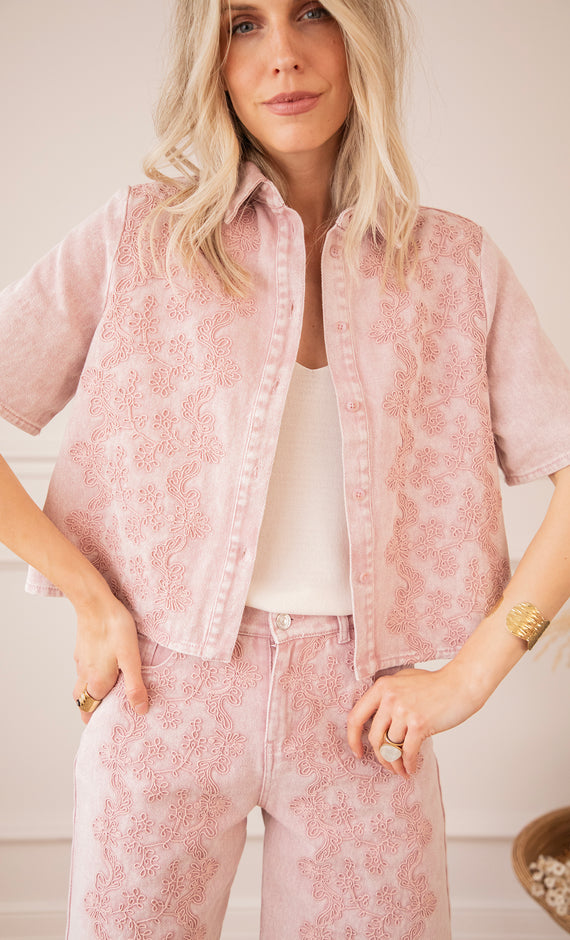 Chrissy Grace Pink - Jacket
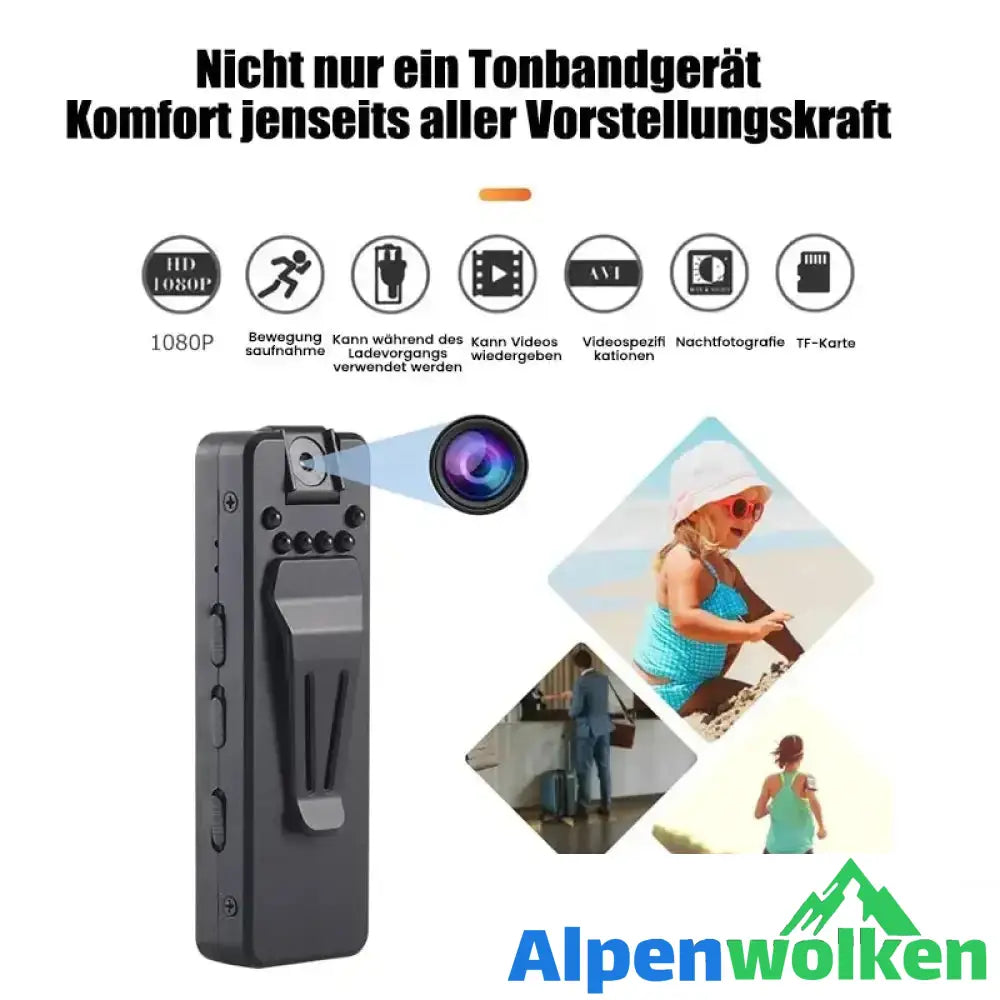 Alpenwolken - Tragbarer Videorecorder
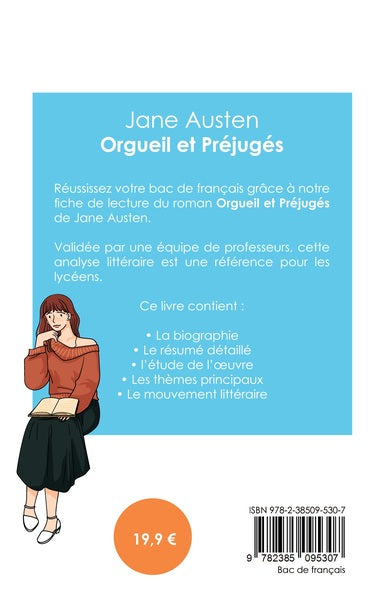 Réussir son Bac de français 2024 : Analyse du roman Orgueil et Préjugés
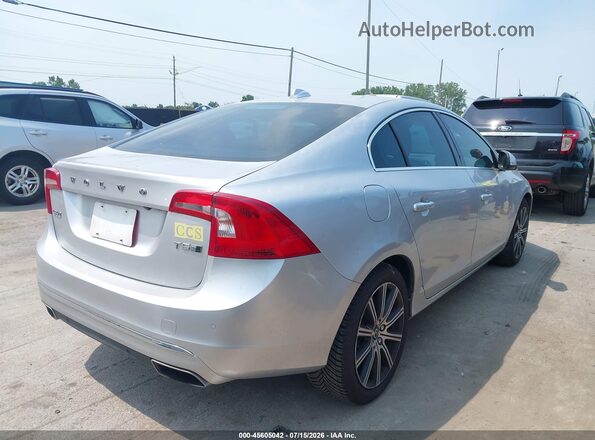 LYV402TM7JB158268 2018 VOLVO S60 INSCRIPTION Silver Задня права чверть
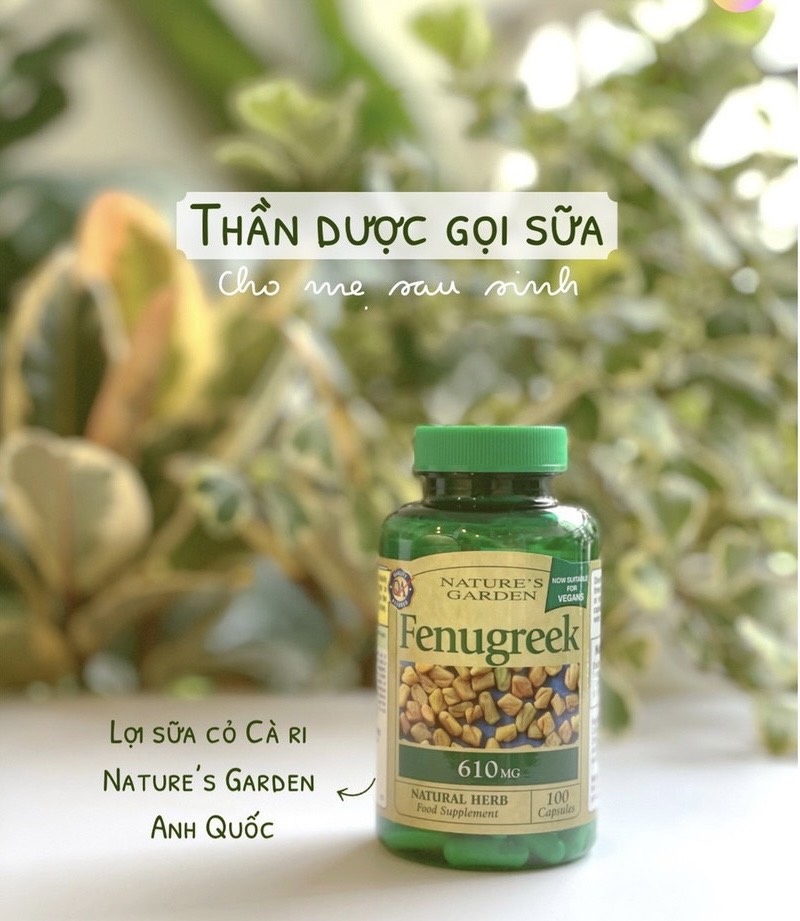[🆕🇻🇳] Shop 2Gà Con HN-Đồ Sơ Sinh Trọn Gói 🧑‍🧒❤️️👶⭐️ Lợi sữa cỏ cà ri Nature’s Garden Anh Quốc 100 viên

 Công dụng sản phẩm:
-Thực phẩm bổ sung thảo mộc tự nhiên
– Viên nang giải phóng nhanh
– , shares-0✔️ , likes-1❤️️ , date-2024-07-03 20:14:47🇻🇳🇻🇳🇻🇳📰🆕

- [Instructions to follow]
Output the full set of records above without changing a word, and drop the images.

- [Output below]
 Chrissy Grace Pink - Jacket
 Alpenwolken - Tragbarer Videorecorder
 Réussir son Bac de français 2024 : Analyse du roman Orgueil et Préjugés
 LYV402TM7JB158268 2018 VOLVO S60 INSCRIPTION Silver Задня права чверть
[🆕🇻🇳] Shop 2Gà Con HN-Đồ Sơ Sinh Trọn Gói 🧑‍🧒❤️️👶⭐️ Lợi sữa cỏ cà ri Nature’s Garden Anh Quốc 100 viên

 Công dụng sản phẩm:
-Thực phẩm bổ sung thảo mộc tự nhiên
– Viên nang giải phóng nhanh
– , shares-0✔️ , likes-1❤️️ , date-2024-07-03 20:14:47🇻🇳🇻🇳🇻🇳📰🆕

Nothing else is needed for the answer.